On Bloody Thursday, May 15, 1969, tear gas was used to disperse the crowd at Dwight Way and Telegraph a few minutes before Alameda County deputies came down the street with their shotguns. Photo: Kathryn Bigelow

 

by Carol Denney

The land now known as People’s Park in Berkeley was landmarked in 1984. And it is no accident that almost nobody knows why. It took decades for the University of California to stop calling it “the block of land between Bowditch, Dwight, Haste, and Telegraph” in legal documents.
That particular block of scruffy, low-income housing had been a concern for the university even in the 1950s. The mostly student population on the southside of the UC campus made the area known, along with San Francisco, as a mecca for poetry, rock and roll, and new forms of expression, including unconventional sexuality.
The meeting minutes of University of California officials of the time are comic with concerns about the free-wheeling culture and its potential danger to the university, which wanted to quash it and have a more bland, dignified campus like Harvard, Yale or Stanford.
The University of California acquired the land through a dubious use of eminent domain, stating they needed it for dorms, offices, and sports courts; claims so vague and poorly founded that they made no sense to the UC regents, who wouldn’t vote them any funds for development. The bulldozed, rebar-and-broken-glass-ridden block sat as a fenced-off nuisance for awhile, and then was transformed into a park by motivated neighbors.
And UC officials have never stopped being annoyed at how their plans to quell the radical politics and culture on southside backfired. The university’s new chancellor has spent decades on committees promoting push polls trying to cobble together support for another assault on the park and its status as a global symbol of freedom, resistance, and the common sense of user-development.
People’s Park is a political punching bag: a joke to some, hallowed ground to others. Finding it on a list of ten proposed sites for student housing is nothing new, just a familiar call to those of us who remember seeing greats like Robert Hunter, songwriter for the Grateful Dead, singing from the stage, or who’ve spent years tending the garden and teaching the children.
Those who defend the park and its principles don’t look like much to the university. We’re lawyers and teachers, copy store workers and parents, musicians and artists, and always a fresh ratio of students.

Protesters face rifles and bayonets during the battle for People’s Park in Berkeley. James Rector was killed, Alan Blanchard was blinded and many were wounded. Photo by Dick Corten. See more photos at the People’s Park website: http://www.peoplespark.org

 
If the university elects to try to destroy our landmark we’ll be there as best we can; singing in circles, going to meetings, writing letters, sitting in, going to jail, bringing our poetry and song to the university’s strangely repetitious war on culture.
But as a community, let’s do together the thing we always try to do first: insist that those who would destroy the park come and dance there, learn the history there, participate in the programs and traditions which make this park the distinctive landmark it is.
All of Berkeley’s parks suffer from the obvious results of the housing crisis, and the criticism that People’s Park is “unwelcoming” could be leveled at any of our parks in a community where policies and politics are often hijacked by those who can’t seem to share the streets or parks comfortably with the poor.
But there are ten sites available, according to the university’s own list, on which to situate more housing.

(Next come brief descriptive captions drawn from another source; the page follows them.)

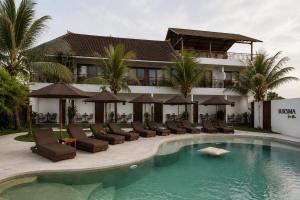 a hotel with a swimming pool with chairs and umbrellas at Suksma Guesthouse in Canggu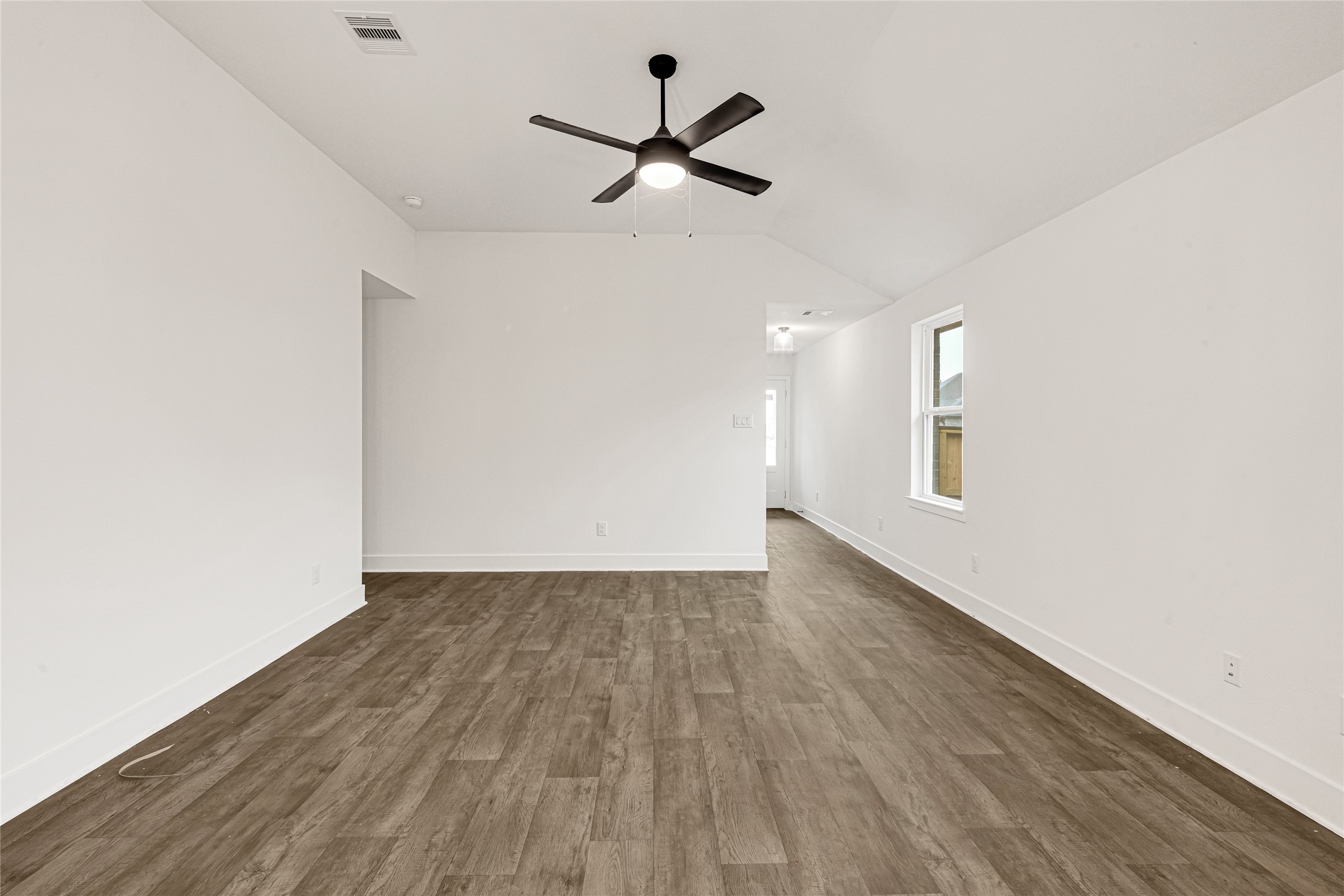 9348 Hard Rock Road Conroe, TX 77303 - Photo 7 of 22 View of Living Area from Dining Area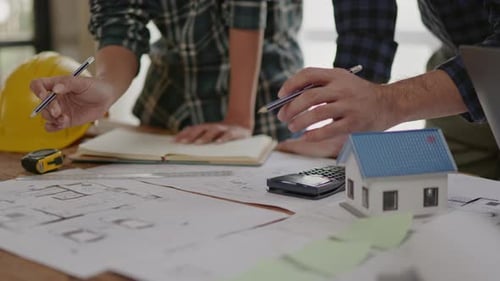 Architects Working on Construction Blueprint at Wooden Desk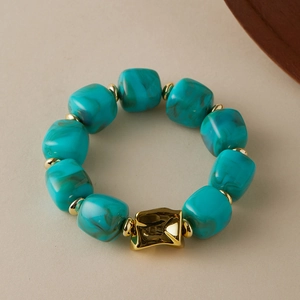 Detail of turquoise marble beads and textured gold irregular metal element on the bracelet
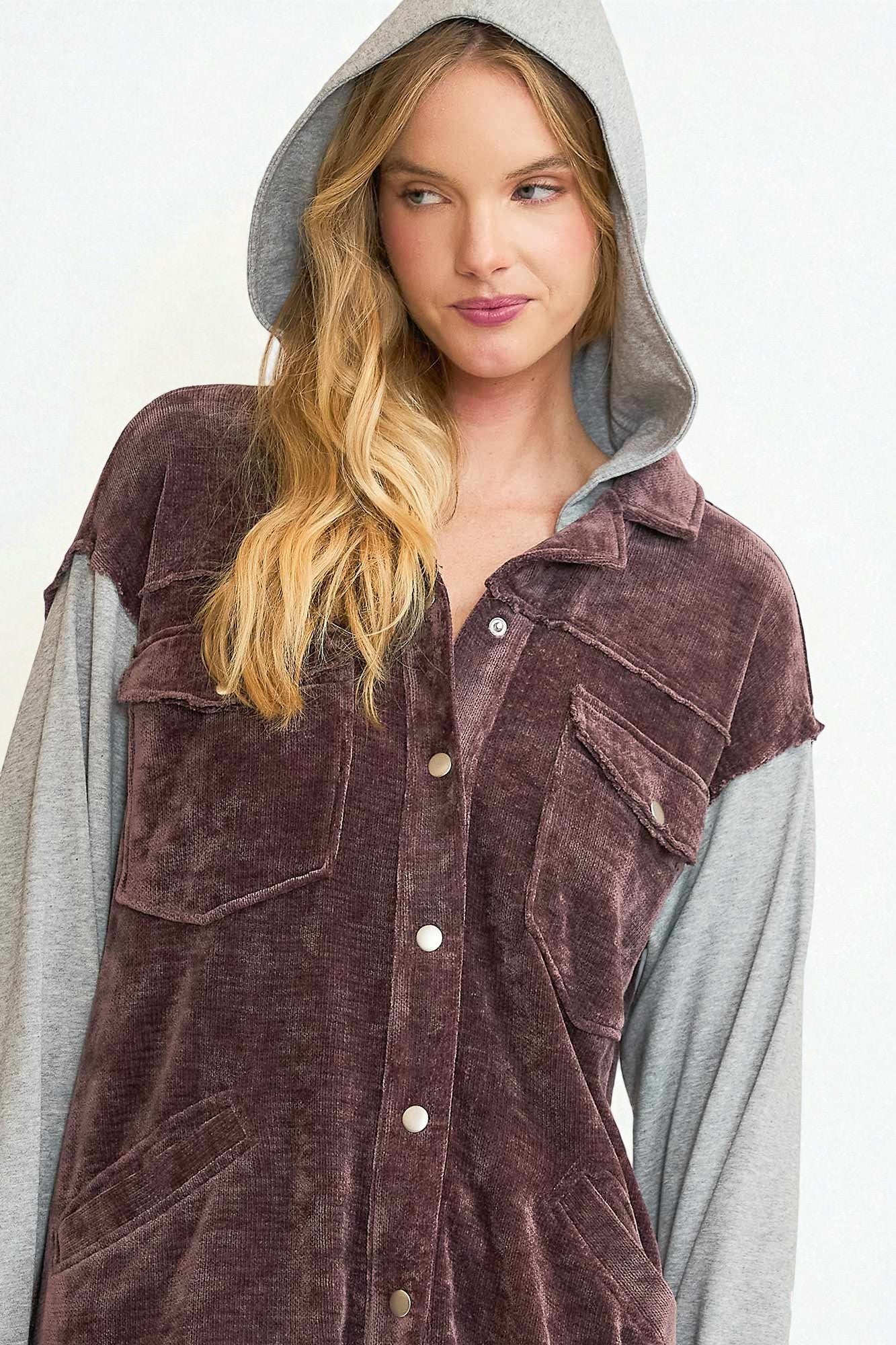 Woman wearing a brown corduroy shirt with a hood on a white background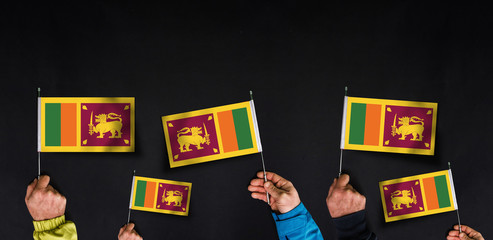 Fototapeta na wymiar Hands holds flags of Sri Lanka on dark background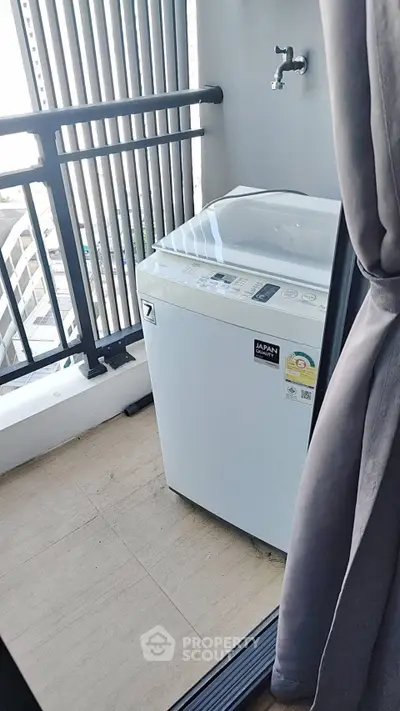 Compact balcony with washing machine and modern railing in urban apartment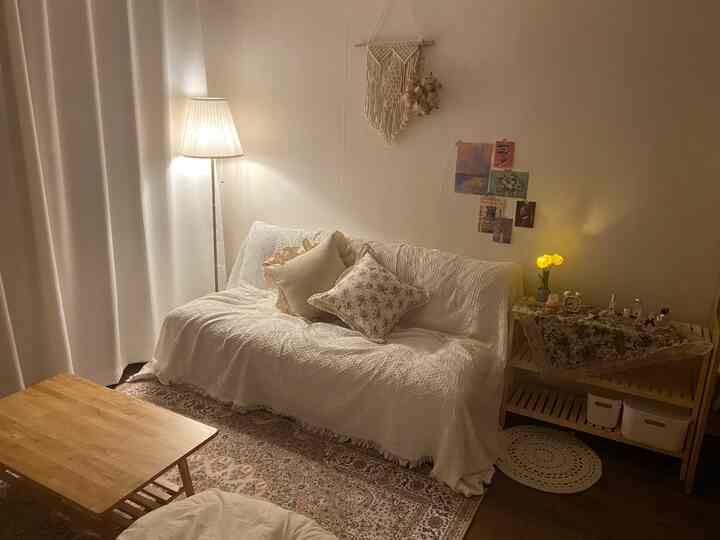 Cozy living room with warm white tones and vintage sofa, featuring a floor lamp and rug creating a comforting atmosphere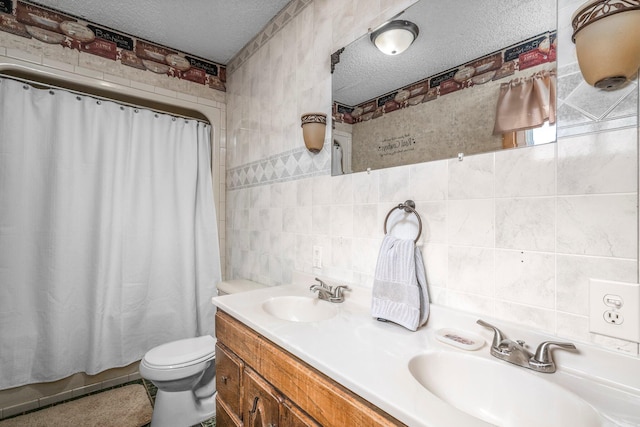 full bathroom featuring toilet, a textured ceiling, tile walls, and a sink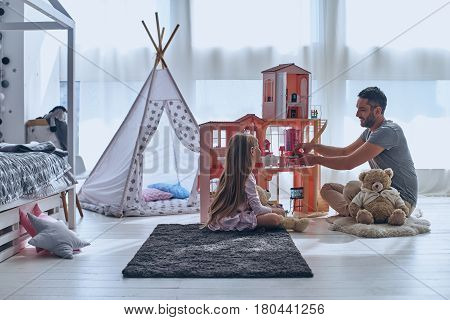 Using imagination. Father and daughter playing with a dollhouse together while sitting on the floor in bedroom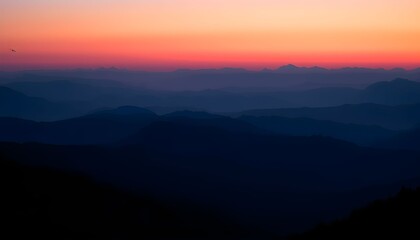 Obraz premium Layers of dark mountain silhouettes are seen against a vibrant orange and pink sunset sky.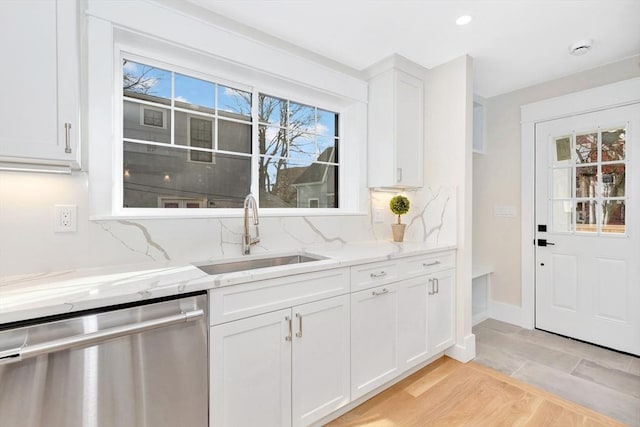 kitchen with decorative backsplash, dishwasher, light stone counters, white cabinetry, and a sink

People’s Park strikes most of us as an odd choice given this lengthy list, and given the serious community turmoil, loss of business, and even loss of life the struggles over the park have engendered in the past.
There are nine other sites the City of Berkeley and the University of California can use to situate more housing if housing is the honest goal here.
This year, a new UC chancellor and a new Berkeley mayor have an opportunity to either re-ignite the war on tie-dye — or try something new. They have the opportunity to honor the Free Speech Movement and the park it played a role in building, by working cooperatively to honor our landmark and our history by choosing one of the other nine sites for development.
There is, after all, a saying about doing the same thing over and over and expecting different results.